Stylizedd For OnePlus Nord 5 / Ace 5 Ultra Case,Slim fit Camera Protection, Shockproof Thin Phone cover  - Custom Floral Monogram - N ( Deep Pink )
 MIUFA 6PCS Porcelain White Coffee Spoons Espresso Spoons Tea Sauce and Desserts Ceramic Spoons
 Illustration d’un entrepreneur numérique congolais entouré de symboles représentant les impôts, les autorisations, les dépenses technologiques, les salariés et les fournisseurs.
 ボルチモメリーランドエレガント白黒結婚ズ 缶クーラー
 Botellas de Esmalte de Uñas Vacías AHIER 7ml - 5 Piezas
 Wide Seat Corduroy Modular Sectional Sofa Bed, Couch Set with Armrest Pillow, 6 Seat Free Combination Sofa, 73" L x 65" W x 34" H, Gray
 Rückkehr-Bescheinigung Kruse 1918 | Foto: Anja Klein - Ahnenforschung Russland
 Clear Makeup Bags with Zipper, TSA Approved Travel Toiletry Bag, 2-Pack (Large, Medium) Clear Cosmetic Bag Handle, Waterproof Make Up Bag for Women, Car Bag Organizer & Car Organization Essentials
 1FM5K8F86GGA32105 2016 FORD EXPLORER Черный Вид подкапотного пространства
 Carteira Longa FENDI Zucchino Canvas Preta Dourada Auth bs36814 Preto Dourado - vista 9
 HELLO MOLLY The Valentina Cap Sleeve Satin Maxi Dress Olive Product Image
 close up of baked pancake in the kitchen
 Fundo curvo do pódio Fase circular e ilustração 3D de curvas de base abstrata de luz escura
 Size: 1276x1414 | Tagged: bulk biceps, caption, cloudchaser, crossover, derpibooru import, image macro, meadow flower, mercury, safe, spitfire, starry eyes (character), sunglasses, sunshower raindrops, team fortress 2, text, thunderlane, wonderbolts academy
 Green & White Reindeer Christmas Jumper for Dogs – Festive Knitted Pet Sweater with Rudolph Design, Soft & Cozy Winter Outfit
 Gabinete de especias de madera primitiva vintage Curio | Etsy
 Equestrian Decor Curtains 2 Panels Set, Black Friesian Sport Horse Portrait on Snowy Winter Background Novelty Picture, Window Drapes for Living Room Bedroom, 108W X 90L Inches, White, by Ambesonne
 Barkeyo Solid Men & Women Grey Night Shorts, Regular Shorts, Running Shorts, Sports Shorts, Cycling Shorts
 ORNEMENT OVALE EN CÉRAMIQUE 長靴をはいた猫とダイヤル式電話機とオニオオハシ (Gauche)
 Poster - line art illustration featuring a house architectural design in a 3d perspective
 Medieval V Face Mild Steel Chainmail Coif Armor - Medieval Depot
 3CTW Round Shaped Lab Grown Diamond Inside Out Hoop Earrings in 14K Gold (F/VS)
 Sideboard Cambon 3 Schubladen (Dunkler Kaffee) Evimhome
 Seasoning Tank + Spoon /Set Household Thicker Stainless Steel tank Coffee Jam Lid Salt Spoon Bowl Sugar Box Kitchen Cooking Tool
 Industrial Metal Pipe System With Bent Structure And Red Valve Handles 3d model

══════════════════════════════

Return the entries above exactly as they appear.

Stylizedd For OnePlus Nord 5 / Ace 5 Ultra Case,Slim fit Camera Protection, Shockproof Thin Phone cover  - Custom Floral Monogram - N ( Deep Pink )
 MIUFA 6PCS Porcelain White Coffee Spoons Espresso Spoons Tea Sauce and Desserts Ceramic Spoons
 Illustration d’un entrepreneur numérique congolais entouré de symboles représentant les impôts, les autorisations, les dépenses technologiques, les salariés et les fournisseurs.
 ボルチモメリーランドエレガント白黒結婚ズ 缶クーラー
 Botellas de Esmalte de Uñas Vacías AHIER 7ml - 5 Piezas
 Wide Seat Corduroy Modular Sectional Sofa Bed, Couch Set with Armrest Pillow, 6 Seat Free Combination Sofa, 73" L x 65" W x 34" H, Gray
 Rückkehr-Bescheinigung Kruse 1918 | Foto: Anja Klein - Ahnenforschung Russland
 Clear Makeup Bags with Zipper, TSA Approved Travel Toiletry Bag, 2-Pack (Large, Medium) Clear Cosmetic Bag Handle, Waterproof Make Up Bag for Women, Car Bag Organizer & Car Organization Essentials
 1FM5K8F86GGA32105 2016 FORD EXPLORER Черный Вид подкапотного пространства
 Carteira Longa FENDI Zucchino Canvas Preta Dourada Auth bs36814 Preto Dourado - vista 9
 HELLO MOLLY The Valentina Cap Sleeve Satin Maxi Dress Olive Product Image
 close up of baked pancake in the kitchen
 Fundo curvo do pódio Fase circular e ilustração 3D de curvas de base abstrata de luz escura
 Size: 1276x1414 | Tagged: bulk biceps, caption, cloudchaser, crossover, derpibooru import, image macro, meadow flower, mercury, safe, spitfire, starry eyes (character), sunglasses, sunshower raindrops, team fortress 2, text, thunderlane, wonderbolts academy
 Green & White Reindeer Christmas Jumper for Dogs – Festive Knitted Pet Sweater with Rudolph Design, Soft & Cozy Winter Outfit
 Gabinete de especias de madera primitiva vintage Curio | Etsy
 Equestrian Decor Curtains 2 Panels Set, Black Friesian Sport Horse Portrait on Snowy Winter Background Novelty Picture, Window Drapes for Living Room Bedroom, 108W X 90L Inches, White, by Ambesonne
 Barkeyo Solid Men & Women Grey Night Shorts, Regular Shorts, Running Shorts, Sports Shorts, Cycling Shorts
 ORNEMENT OVALE EN CÉRAMIQUE 長靴をはいた猫とダイヤル式電話機とオニオオハシ (Gauche)
 Poster - line art illustration featuring a house architectural design in a 3d perspective
 Medieval V Face Mild Steel Chainmail Coif Armor - Medieval Depot
 3CTW Round Shaped Lab Grown Diamond Inside Out Hoop Earrings in 14K Gold (F/VS)
 Sideboard Cambon 3 Schubladen (Dunkler Kaffee) Evimhome
 Seasoning Tank + Spoon /Set Household Thicker Stainless Steel tank Coffee Jam Lid Salt Spoon Bowl Sugar Box Kitchen Cooking Tool
 Industrial Metal Pipe System With Bent Structure And Red Valve Handles 3d model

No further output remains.